Exercise requirements:
Needed from the data below: every line from the one with "thumbnail image 4" up to and including the one with "1 Unze Silber", repeated exactly and with nothing else.

Provided data:
◇ ◇ ◇

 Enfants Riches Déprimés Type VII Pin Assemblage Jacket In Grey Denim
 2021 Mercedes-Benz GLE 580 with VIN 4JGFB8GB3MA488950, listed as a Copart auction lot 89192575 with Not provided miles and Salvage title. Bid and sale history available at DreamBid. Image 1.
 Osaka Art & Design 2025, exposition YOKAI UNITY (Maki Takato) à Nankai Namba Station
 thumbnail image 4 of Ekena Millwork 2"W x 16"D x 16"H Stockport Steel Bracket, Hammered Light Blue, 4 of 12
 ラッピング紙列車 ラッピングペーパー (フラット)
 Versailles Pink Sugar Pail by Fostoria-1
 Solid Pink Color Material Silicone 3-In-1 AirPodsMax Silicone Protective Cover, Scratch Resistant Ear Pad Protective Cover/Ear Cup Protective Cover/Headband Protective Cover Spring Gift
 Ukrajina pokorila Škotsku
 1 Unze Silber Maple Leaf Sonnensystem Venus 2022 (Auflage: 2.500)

◇ ◇ ◇

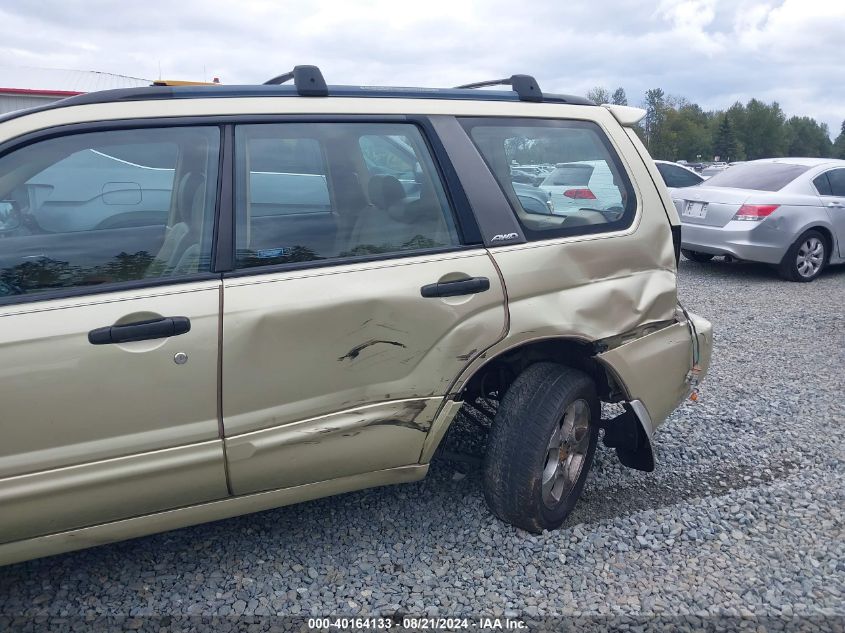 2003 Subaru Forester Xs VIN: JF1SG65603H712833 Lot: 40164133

◇ ◇ ◇

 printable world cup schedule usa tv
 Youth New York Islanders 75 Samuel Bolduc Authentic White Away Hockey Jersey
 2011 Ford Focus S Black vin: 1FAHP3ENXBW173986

◇ ◇ ◇

Completed exercise:
 thumbnail image 4 of Ekena Millwork 2"W x 16"D x 16"H Stockport Steel Bracket, Hammered Light Blue, 4 of 12
 ラッピング紙列車 ラッピングペーパー (フラット)
 Versailles Pink Sugar Pail by Fostoria-1
 Solid Pink Color Material Silicone 3-In-1 AirPodsMax Silicone Protective Cover, Scratch Resistant Ear Pad Protective Cover/Ear Cup Protective Cover/Headband Protective Cover Spring Gift
 Ukrajina pokorila Škotsku
 1 Unze Silber Maple Leaf Sonnensystem Venus 2022 (Auflage: 2.500)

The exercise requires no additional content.